*** Opening MATERIAL FOR THIS EXERCISE ***

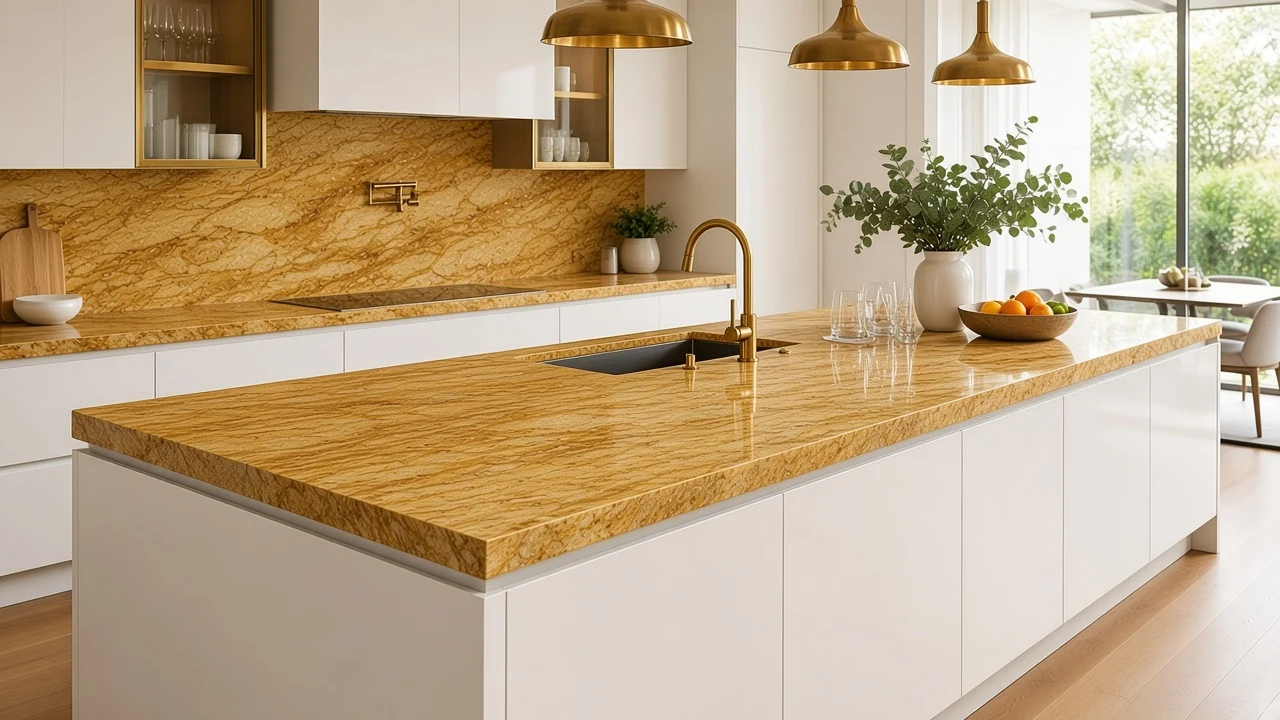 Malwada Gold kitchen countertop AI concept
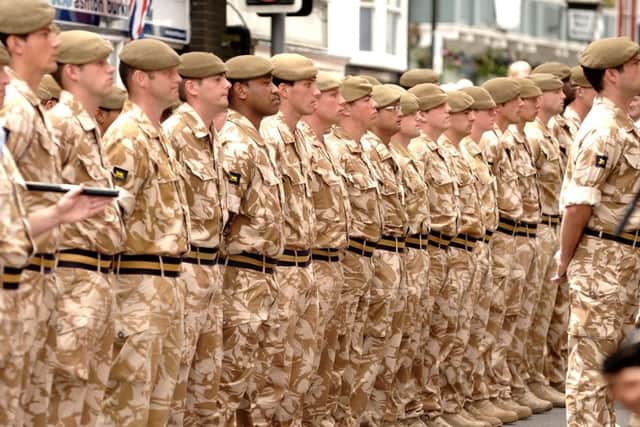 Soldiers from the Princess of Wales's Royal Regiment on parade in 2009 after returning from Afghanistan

*** Closing MATERIAL FOR THIS EXERCISE ***
*** Opening MATERIAL FOR THIS EXERCISE ***

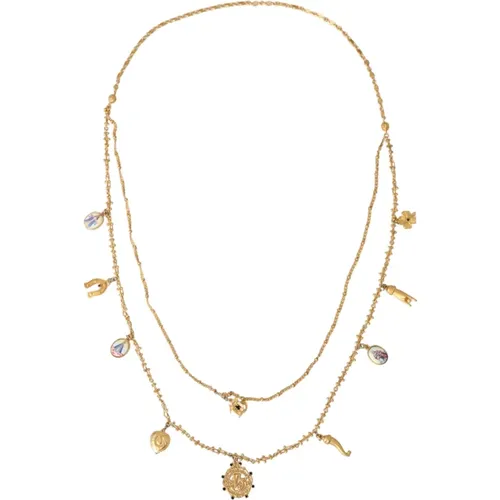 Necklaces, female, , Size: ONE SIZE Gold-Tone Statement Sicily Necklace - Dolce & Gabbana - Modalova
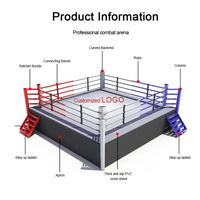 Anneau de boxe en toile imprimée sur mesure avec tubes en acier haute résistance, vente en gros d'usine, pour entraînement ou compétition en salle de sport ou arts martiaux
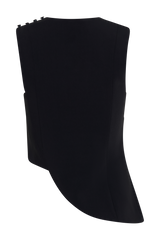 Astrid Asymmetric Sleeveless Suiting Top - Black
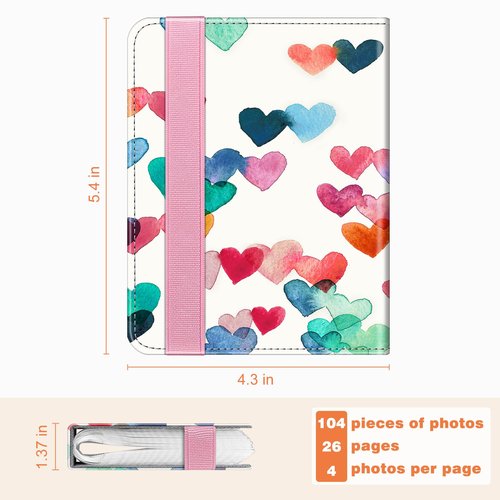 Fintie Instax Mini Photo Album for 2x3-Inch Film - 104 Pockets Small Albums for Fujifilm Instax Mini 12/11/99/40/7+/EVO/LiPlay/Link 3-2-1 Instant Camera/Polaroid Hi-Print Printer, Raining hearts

*** Closing MATERIAL FOR THIS EXERCISE ***

TASK ITEM. The answer must be the lines above from the one containing "Malwada Gold kitchen countertop AI concept" through the one containing "Soldiers from the", reproduced exactly, with no pictures and nothing else.

SOLUTION TO THIS TASK.
 Malwada Gold kitchen countertop AI concept
 Soldiers from the Princess of Wales's Royal Regiment on parade in 2009 after returning from Afghanistan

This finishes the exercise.